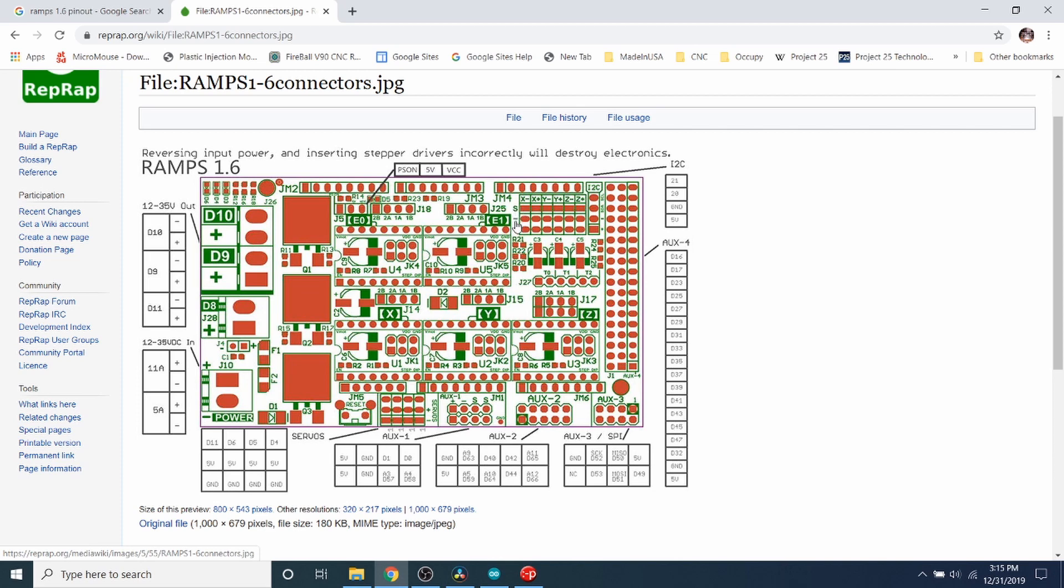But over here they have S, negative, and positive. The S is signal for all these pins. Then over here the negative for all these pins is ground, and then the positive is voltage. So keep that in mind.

------------------------------------------------------------

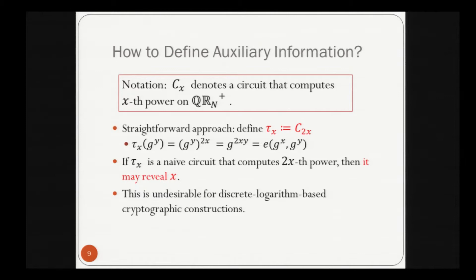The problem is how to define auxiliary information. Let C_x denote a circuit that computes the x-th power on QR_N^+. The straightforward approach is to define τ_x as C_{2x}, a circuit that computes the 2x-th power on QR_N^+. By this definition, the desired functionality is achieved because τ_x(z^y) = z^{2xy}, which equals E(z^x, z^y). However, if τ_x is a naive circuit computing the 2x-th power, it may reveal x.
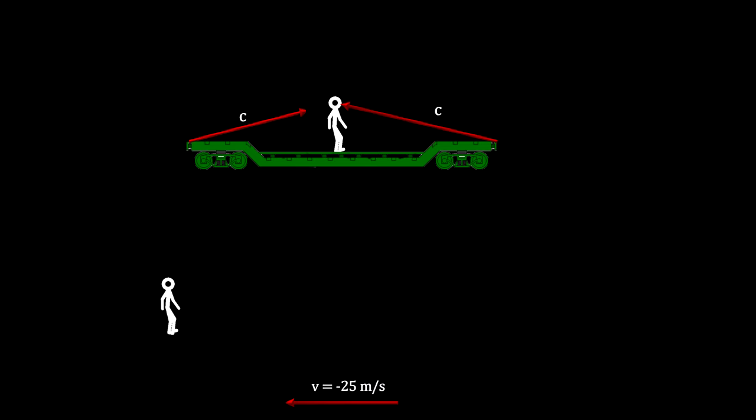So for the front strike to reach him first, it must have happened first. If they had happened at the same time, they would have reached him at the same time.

------------------------------------------------------------

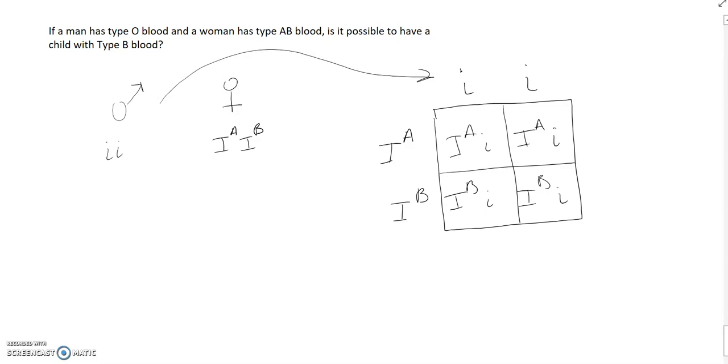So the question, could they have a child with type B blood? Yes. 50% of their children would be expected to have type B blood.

------------------------------------------------------------

From the line with "The problem is" up to and including the line with "So for the front" above, retype every line exactly and nothing more; leave out the pictures.

The problem is how to define auxiliary information. Let C_x denote a circuit that computes the x-th power on QR_N^+. The straightforward approach is to define τ_x as C_{2x}, a circuit that computes the 2x-th power on QR_N^+. By this definition, the desired functionality is achieved because τ_x(z^y) = z^{2xy}, which equals E(z^x, z^y). However, if τ_x is a naive circuit computing the 2x-th power, it may reveal x.
So for the front strike to reach him first, it must have happened first. If they had happened at the same time, they would have reached him at the same time.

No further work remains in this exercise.